I teach by calling up someone's spirit. Whether I'm teaching them kata or something else, I call up their spirit while I teach. If you don't do it in this way, it never becomes the real thing. It ends up being just a pose.

I have noticed a difference between pre- and postwar martial arts instructors. Not only in training practices, but in thought patterns, too.

Today's instructors are different. You could say they're simply on an escalator. Once they get on it, they automatically get carried upward until they become an instructor. This is not how it worked for us. We had to practice very hard everyday for a very long time until we reached this point.

Only after you have practiced, and practiced hard, every day, morning and night, can you fully appreciate the value of a martial art. You have to train not only when you are here in the dojo, but even when you are home. You have to train always.

Way of Training

MS: These days, many instructional books and videos are available. What do you think about people using such things to learn new techniques?

SS: A book will prove or verify what you have already learned; it will help you understand what you can already do. It is not to copy from. You don't look at a book, do the form and then ask what is wrong. You look at the book to show yourself what you've already learned. But it isn't like that these days. People look at a book, copy the form and say they know how to do it. But this is not budo. It is merely mimicking the forms.

MS: Tendo-ryu focuses on kata practice, but we all also practice atarashii naginata, which includes matches. What is the importance of shiai for martial arts training?

SS: You have to test your forms through these matches. Just doing the forms and saying to yourself, "I did it," isn't enough. I always tell my students they have to practice the forms and they have to actually strike people in competitive bouts to be able to understand the art. They may practice striking when they train by themselves, but these "strikes" may not actually connect. They won't know this unless they are in a match. They may practice hitting a lot, just by themselves, but they simply can't understand that the form alone is not going to work in a match. Competition very rarely follows form and it's not wise to think that it will.

So, as we do naginata techniques, we go straight forward. In the beginning, we have the fundamentals. You should just go straight forward with these. Your opponents will be alert and you can't depend on them to just stand there while you strike. You have to be able to make split-second decisions and attack based on these decisions. It doesn't do you any good to strike late. I always tell you not to stick too closely to your opponent.

When you train or compete, what should your aim be? One time I came back from a demonstration at Kashima Shrine with you and Kuroda Sensei, and I remember you saying then that the object is not winning, it is "not-losing." I'm not sure what you meant by that. In my case, I don't want to lose. I hate losing. But up until now, I have had very few decent matches. What should I be feeling when I train, when I use the naginata?

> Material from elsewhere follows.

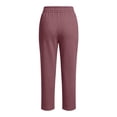 thumbnail image 6 of VBVC Women's Drawstring Capri Sweatpants , Casual Slim Summer Joggers For Women , Ladies' Straight Leg Crop Pants with Pockets, Pink , S-2XL, 6 of 6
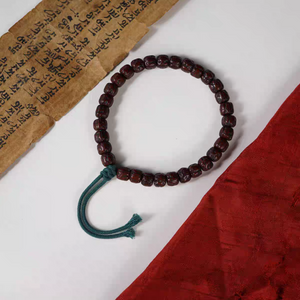 Old Tibetan Rudraksha Agate Wrist Mala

You should train by noticing when and where your partner is open. Or about how they are not open at all. You should be thinking about how to strike the opponent where they're open. Matches are tameshiai, a mutual testing or trial. You are testing each other.

MS: By testing, you mean testing yourself?

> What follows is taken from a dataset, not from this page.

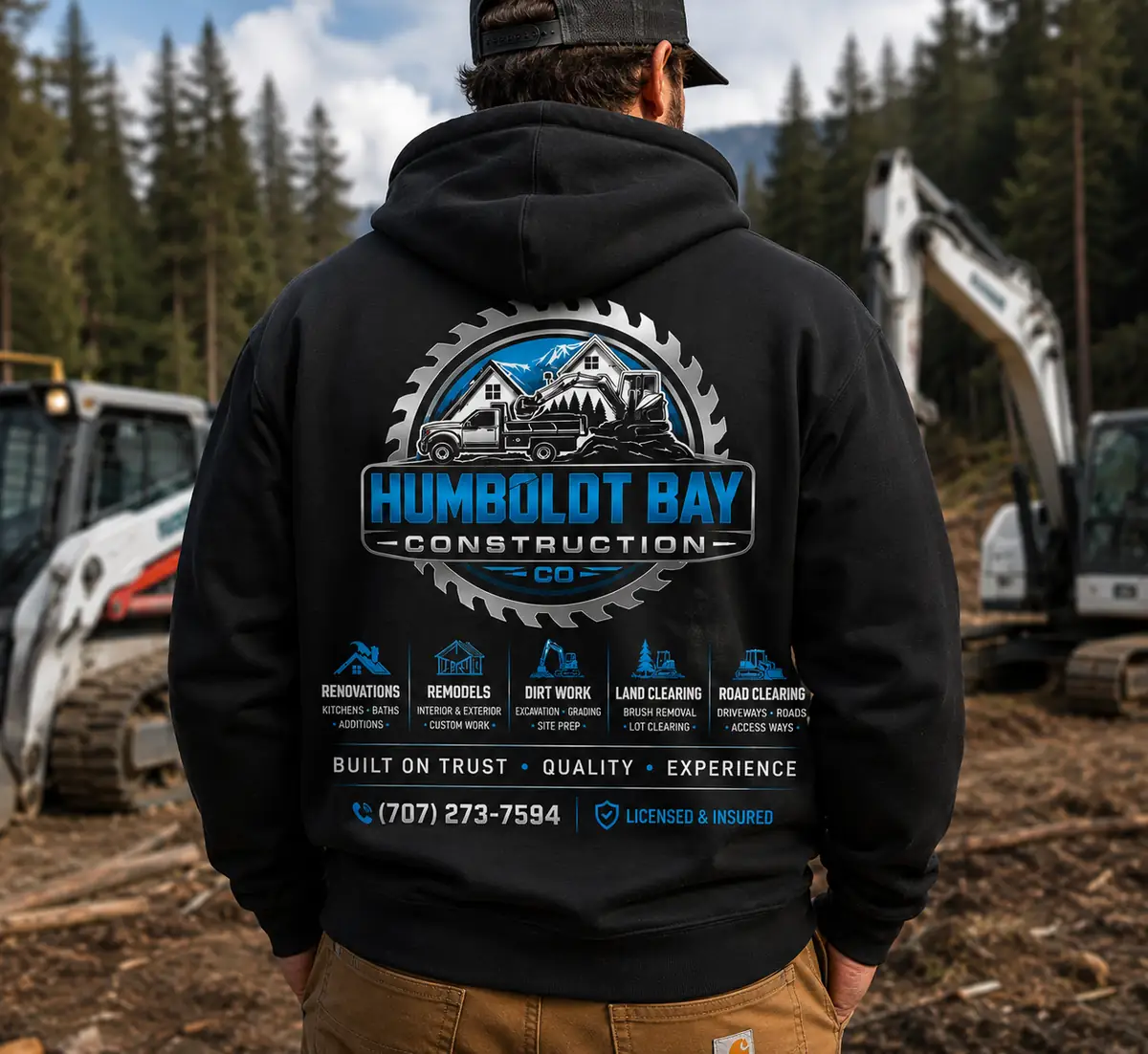 A man seen from behind in a black Humboldt Bay Construction Co. hoodie, beside a skid steer and an excavator on cleared ground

SS: Of course. You aren't there to test the other person. You are doing it to teach yourself. If you want to know what the goal is, it is to become "empty" and to do naginata without actually thinking of anything. This doesn't mean to just stand there and do nothing. But you can't understand this until you do it.

If you don't become empty of desire or conscious thought, you can't do it. Just thinking about how to do something isn't it. Considering how to excel isn't it. It's nothing but doing it over and over, until your spirit enters into it and your body does it naturally, without thinking about anything. It's not something you understand merely by hearing about it. It is something you must do and realize yourself, with your own body. There's no other way.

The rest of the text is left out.